For the purposes of this demonstration we have downloaded some ready data for  you to use.

### How to download all the articles from a single repository through a CORE API call:
The following url is a sample url of the CORE API. 

`
https://core.ac.uk/api-v2/articles/search/repositories.id:REPO_ID?apiKey=APIKEY&page=PAGE&pageSize=SIZE
`

In order to be able to download CORE articles, there are some sections where you need to replace the existing text:  
 - `REPO_ID`: replace this with the repository ID that you are interested to access. A list of repositories and their CORE IDs are available here https://core.ac.uk/repositories 
 - `APIKEY`: replace this with your add your own API key (if you haven't done so already, go to the very beginning of this page where you will find a link to get your CORE API key).  
 - `PAGE`: replace this with 0 (zero) and you will land on the first page. 
 - `SIZE`: replace the number of articles you want for each call. We recommend that you do not use a number larger than 20. If you try it for the first time we recommend that you use 1.  
 
Here is an example of how a final url looks like. I chose the Open University Repository, Open Research Online, with a CORE ID 86, added my API key (well sort of... this is private information and you should not share it in public, thus I removed some letters and numbers here and there), I want to land on the first page of the results and view ten results in the page. 
![API_KEY](https://lh3.google.com/u/0/d/1zKfPnY7GopeF41ojq0EEi_1kmM3zbmUP=w2560-h1282-iv1)

 
 
 


To assist you with this example we have already downloaded a collection of articles from the University of Cambridge and University of Oxford repositories. We will use a library that is capable of dealing with large amounts of textual data to run a few examples in this notebook. 
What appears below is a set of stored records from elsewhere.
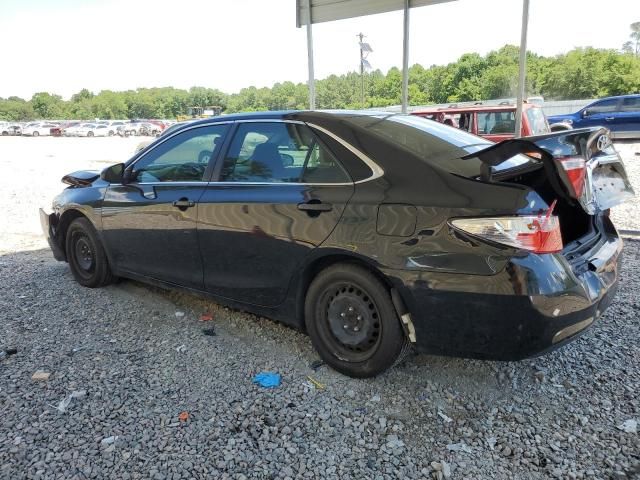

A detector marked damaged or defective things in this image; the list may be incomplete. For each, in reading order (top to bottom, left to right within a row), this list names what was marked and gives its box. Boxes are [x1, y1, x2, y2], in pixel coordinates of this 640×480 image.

rear bumper damage [39, 208, 65, 260]
rear bumper damage [388, 229, 624, 360]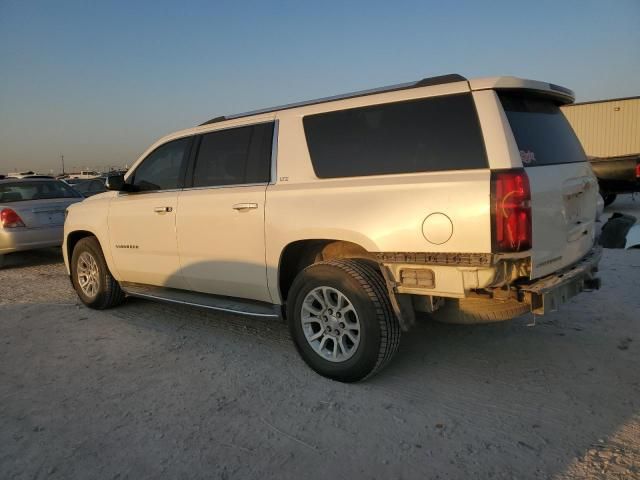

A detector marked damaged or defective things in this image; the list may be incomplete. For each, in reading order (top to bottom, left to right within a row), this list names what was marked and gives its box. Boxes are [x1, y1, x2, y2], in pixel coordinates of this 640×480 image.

damaged rear bumper [516, 244, 604, 316]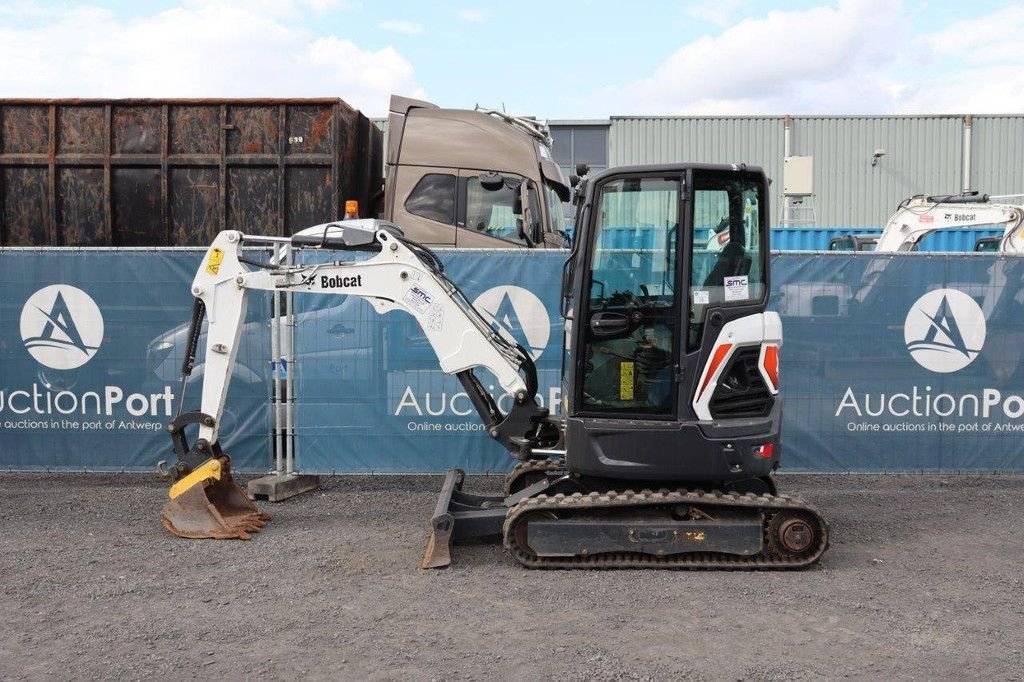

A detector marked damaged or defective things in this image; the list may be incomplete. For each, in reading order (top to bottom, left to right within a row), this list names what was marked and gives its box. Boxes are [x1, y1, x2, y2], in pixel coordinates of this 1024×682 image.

rusty container [0, 95, 384, 244]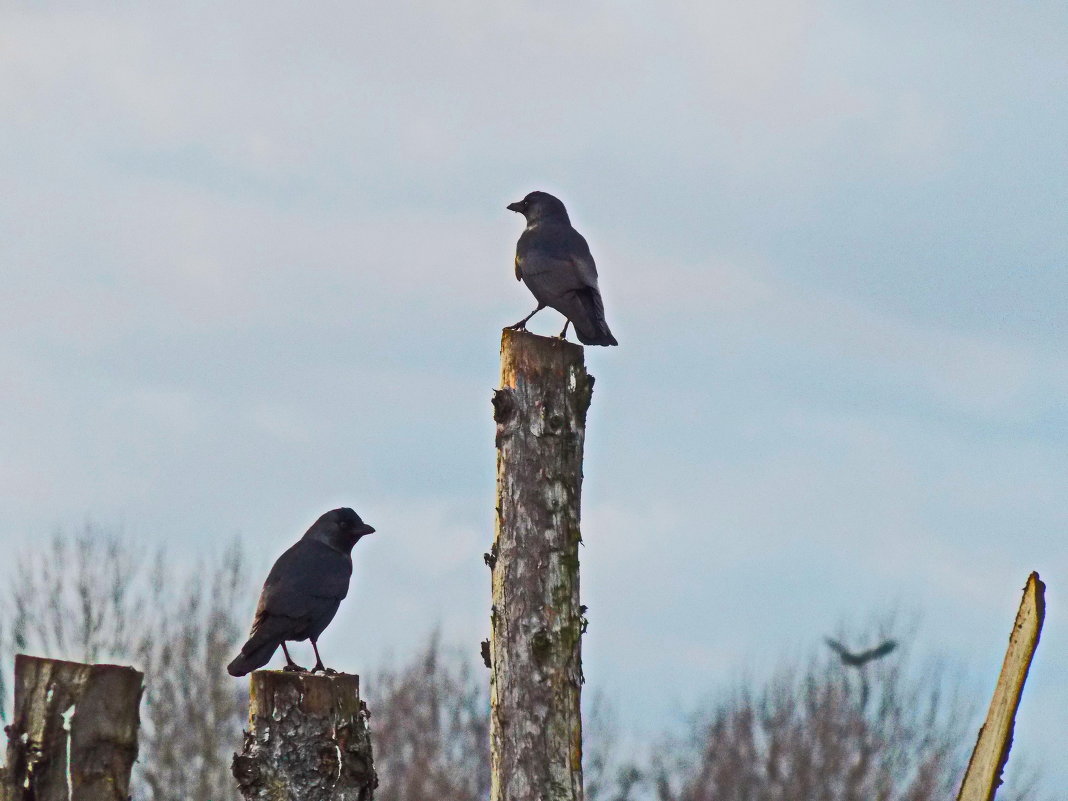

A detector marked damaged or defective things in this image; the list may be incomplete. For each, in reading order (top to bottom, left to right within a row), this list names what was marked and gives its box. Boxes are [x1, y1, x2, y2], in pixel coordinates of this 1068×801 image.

broken wooden pole [489, 328, 593, 801]
broken wooden pole [0, 653, 142, 801]
broken wooden pole [231, 670, 378, 801]
broken wooden pole [961, 572, 1042, 801]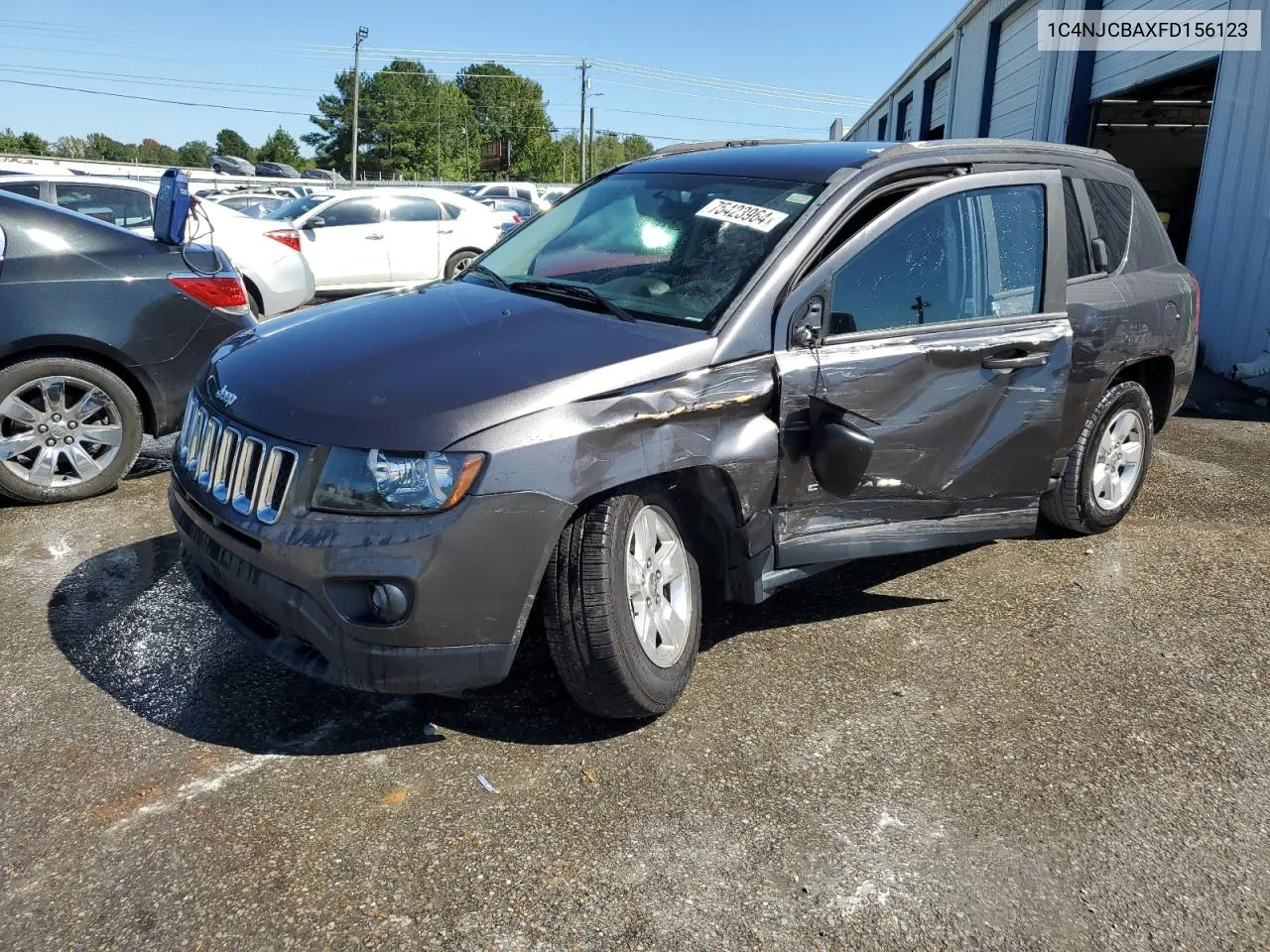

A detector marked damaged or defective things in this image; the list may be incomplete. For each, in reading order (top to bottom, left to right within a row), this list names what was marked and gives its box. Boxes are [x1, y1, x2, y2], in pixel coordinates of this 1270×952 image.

damaged jeep compass [171, 137, 1199, 721]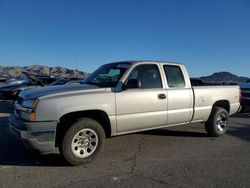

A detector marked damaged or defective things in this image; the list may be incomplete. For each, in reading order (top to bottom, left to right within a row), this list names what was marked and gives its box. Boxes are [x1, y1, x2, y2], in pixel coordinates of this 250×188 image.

cracked asphalt [0, 99, 250, 187]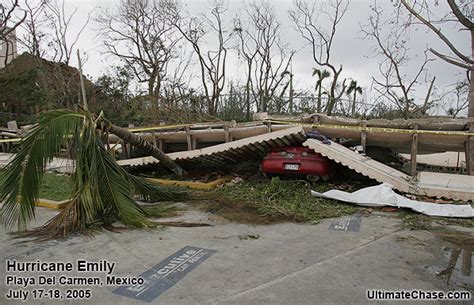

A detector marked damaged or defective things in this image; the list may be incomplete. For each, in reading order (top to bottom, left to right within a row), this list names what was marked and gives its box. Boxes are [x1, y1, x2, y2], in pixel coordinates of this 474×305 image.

crushed red car [262, 145, 332, 180]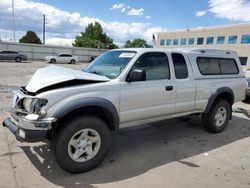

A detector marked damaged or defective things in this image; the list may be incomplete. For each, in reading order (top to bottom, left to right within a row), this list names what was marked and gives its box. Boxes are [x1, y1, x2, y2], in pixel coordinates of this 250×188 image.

dented hood [25, 65, 110, 93]
damaged front end [2, 89, 56, 142]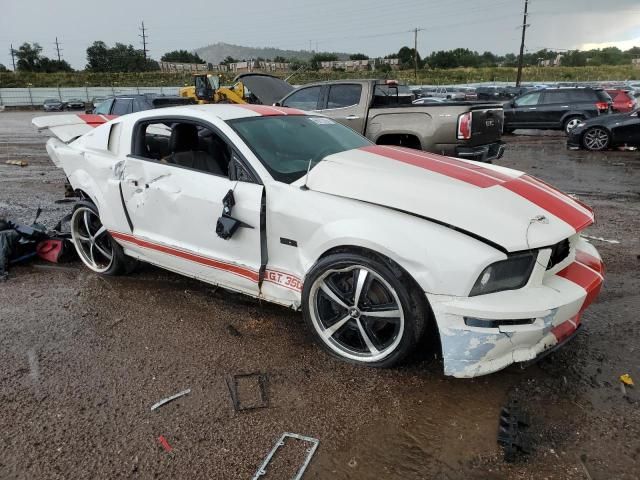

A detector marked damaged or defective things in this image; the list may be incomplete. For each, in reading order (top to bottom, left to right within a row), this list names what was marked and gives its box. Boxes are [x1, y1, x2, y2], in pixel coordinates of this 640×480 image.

wrecked white mustang [33, 106, 604, 378]
crumpled front bumper [428, 238, 604, 376]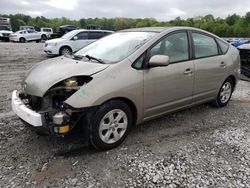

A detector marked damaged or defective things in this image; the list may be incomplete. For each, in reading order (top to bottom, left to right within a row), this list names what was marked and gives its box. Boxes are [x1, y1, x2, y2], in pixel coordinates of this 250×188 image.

crumpled hood [23, 56, 109, 97]
detached bumper piece [11, 90, 42, 127]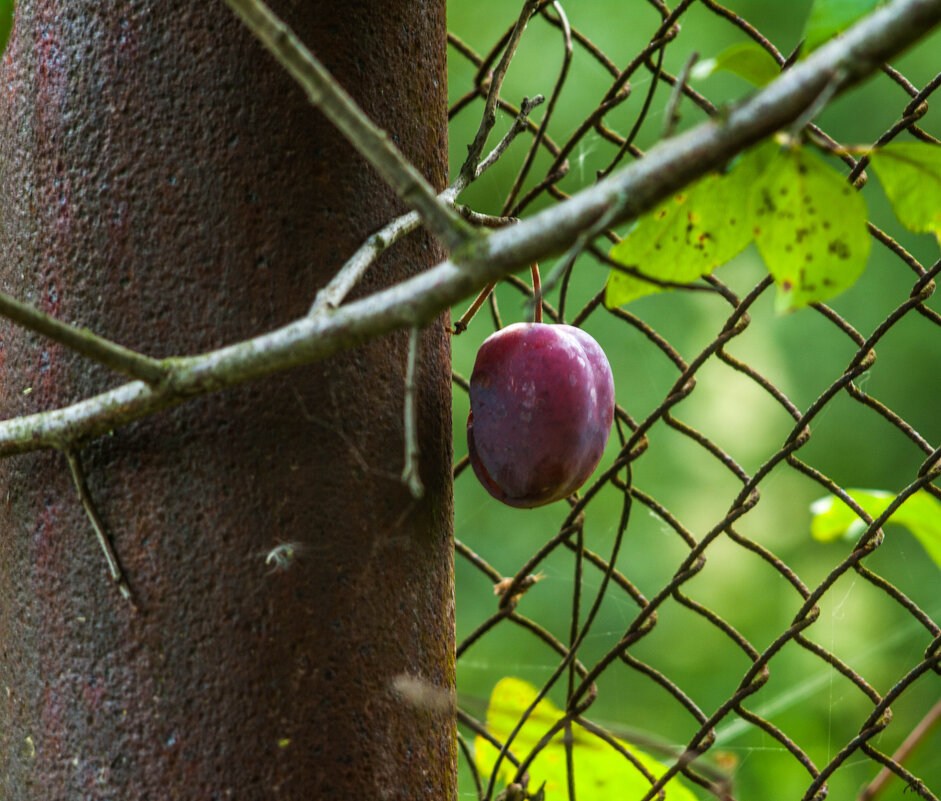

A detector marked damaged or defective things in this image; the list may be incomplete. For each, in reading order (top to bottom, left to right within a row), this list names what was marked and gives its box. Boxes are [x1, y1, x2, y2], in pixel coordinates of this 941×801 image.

rusty wire mesh [446, 3, 940, 796]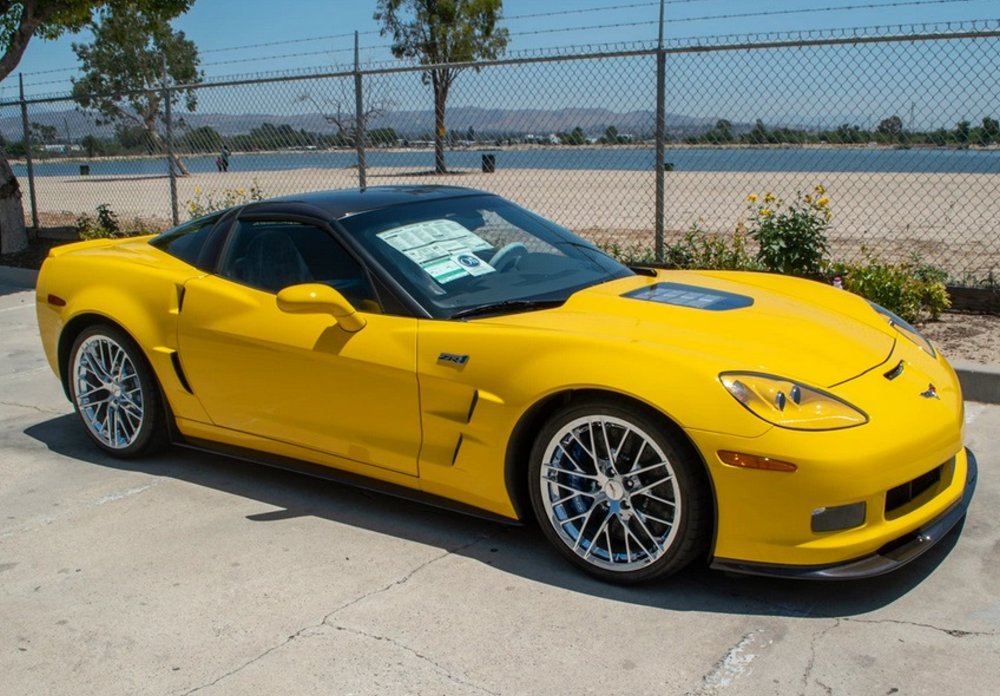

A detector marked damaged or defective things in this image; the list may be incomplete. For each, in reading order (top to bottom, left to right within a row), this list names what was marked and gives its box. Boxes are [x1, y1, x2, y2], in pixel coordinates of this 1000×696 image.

#### How to create word clouds from the University of Cambridge publications

In the following block we use a sample of the CORE data from the University of Cambridge and University of Oxford. You will asked to use the latter in a practical exercise at the end of this example. (Tip: you will need to execute all the  code boxes below in the order of appearance.)

In [0]:
cambridge = pandas.read_csv(StringIO((load_from_gdrive('1SzDiPNFA8jO_6al8udW6Gl-ogJ1VVuwg').decode("utf-8") )),sep='\t', names=('ID', "Title", "Published date", "DOI"))
oxford = pandas.read_csv(StringIO((load_from_gdrive('1LYdq4p19R6afC4ufFf7xWDfcqfzm9pS1').decode("utf-8") )),sep='\t', names=('ID', "Title", "Published date", "DOI"))

print("Oxford total records: %d Cambridge total records: %d" % (oxford.Title.count(), cambridge.Title.count()))

Above you can see the University of Cambridge results, 4298 records and University of Oxford 6132. 

---



In this example we will create a word cloud of the full text we downloaded. Before we do that we need to download a tool that will help us build the word cloud, thus we are using the following code. 

In [0]:
!pip install wordcloud 

Now that we have downloaded the word cloud tool, we can proceed and ask for the University of Cambridge publications. To do that, we insert a new line of code and type in `"cambridge"`

In [0]:
cambridge 

As you can see, the sample we are using contains a table with the CORE ID, title, date and DOI.

**Note:** Pay attention to the "Publication Date" field. What do you notice? How is the data formatted? 
As you can see the date data column shows up with many variations. This is problematic for many reasons and results into a lot of noise both in CORE's harvesting process, but also in text mining practices.  

We now need to normalise the date field and try to give the same format to all dates. To accomplish this, we need to run the following code, where we are modifying all the dates to be represented only by the year. This will help us with the filtering demonstrated in the next blocks.

In [0]:
from dateutil.parser import parse
from datetime import *

def date_conv(x):
    try:
        return parse(str(x), fuzzy=True, default=datetime(1970, 1, 1)).year
    except:
        return str(x)[:4]

cambridge["year"] = cambridge["Published date"].apply(lambda x: date_conv(x) )
oxford["year"] = oxford["Published date"].apply(lambda x: date_conv(x) )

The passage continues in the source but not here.